Mr Ramaphosa, who is also ANC deputy president, was nominated for president by 1,862 ANC branches, with 1,309 backing his main rival, Nkosazana Dlamini-Zuma, according to tallies released by the ruling party's provincial structures ahead of the elective conference in December.
Of the nine ANC provincial structures, Mr Ramaphosa received the majority of the branch nominations in Gauteng, Limpopo, Eastern Cape, Northern Cape and the Western Cape. Ms Dlamini-Zuma, who is a senior party member and former government minister, was in the ascendancy in North West, Free State, KwaZulu-Natal and Mpumalanga.
The ANC branches are expected to account for the vast majority of the estimated 5,000 voting delegates who will attend the five-yearly elective conference.
The winner of the ruling party's presidential election will take over from outgoing ANC leader Jacob Zuma, although his term as South Africa's president only officially ends in 2019.
The elective conference is due to start on December 16th in Soweto, Gauteng, and it will run for four days. During this time delegates will elect the ANC's top six leaders as well as the members of its national executive committee for the next five years.
However, the branch tallies that were submitted by Monday’s deadline only give Mr Ramaphosa the edge in what has been a highly competitive and confrontational election contest to date.
The vote could still swing in favour of Ms Dlamini-Zuma
There are still up to 930 voting delegates who can come from branches that did not finalise their nominations with their provincial structures on time. While no decision has been taken yet on whether they will be allowed to attend the conference, most are expected to.
In addition, a further 223 branches in Mpumalanga spoilt their nominations for the ANC’s top jobs in an apparent bid to undermine the factional nature of the contest so far. They will also send voting delegates to the conference.
With the remaining delegates drawn from the party’s national and provincial leadership structures, as well as the youth, women and military veterans’ leagues, the vote could still swing in favour of Ms Dlamini-Zuma.
Ms Dlamini-Zuma is Mr Zuma’s ex-wife and preferred candidate. If she wins the ANC presidency, Mr Zuma is expected to see out his term as South Africa’s leader.
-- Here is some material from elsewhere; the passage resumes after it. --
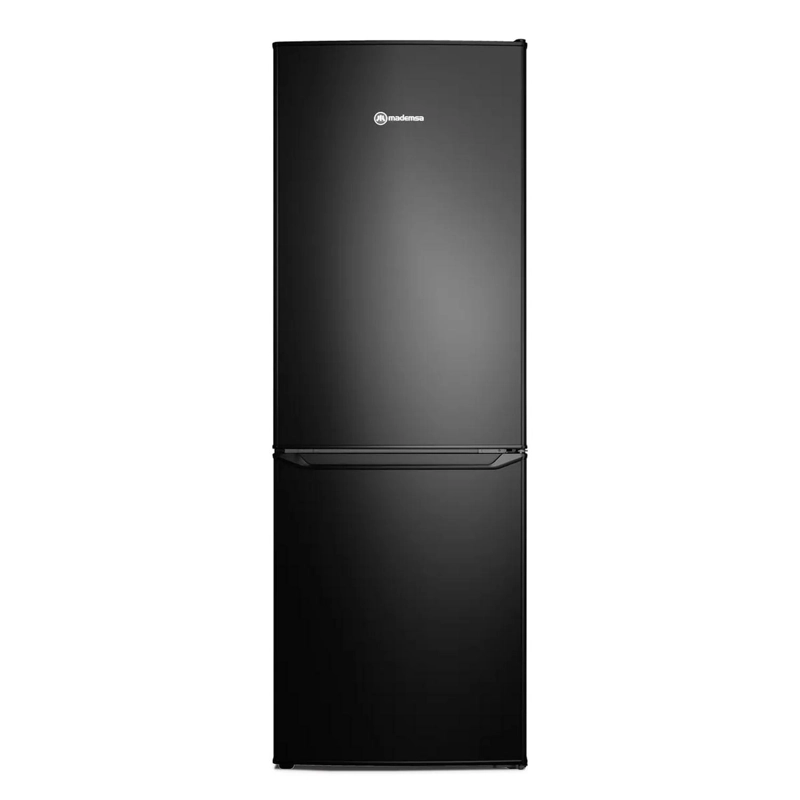 REFRIGERADOR MADEMSA 173L FRIO DIRECTO BOTTOM FREEZER MED165B NEGRO - 1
However, the corruption allegations that continue to swirl around him could negatively affect her chances of becoming South Africa’s president in 2019, when general elections are due.
If Mr Ramaphosa is elected then the ANC is expected to recall Mr Zuma from office early next year. This would to give Mr Ramaphosa and the ANC the opportunity to run a general election campaign without the compromised Mr Zuma undermining their efforts to attract voter support.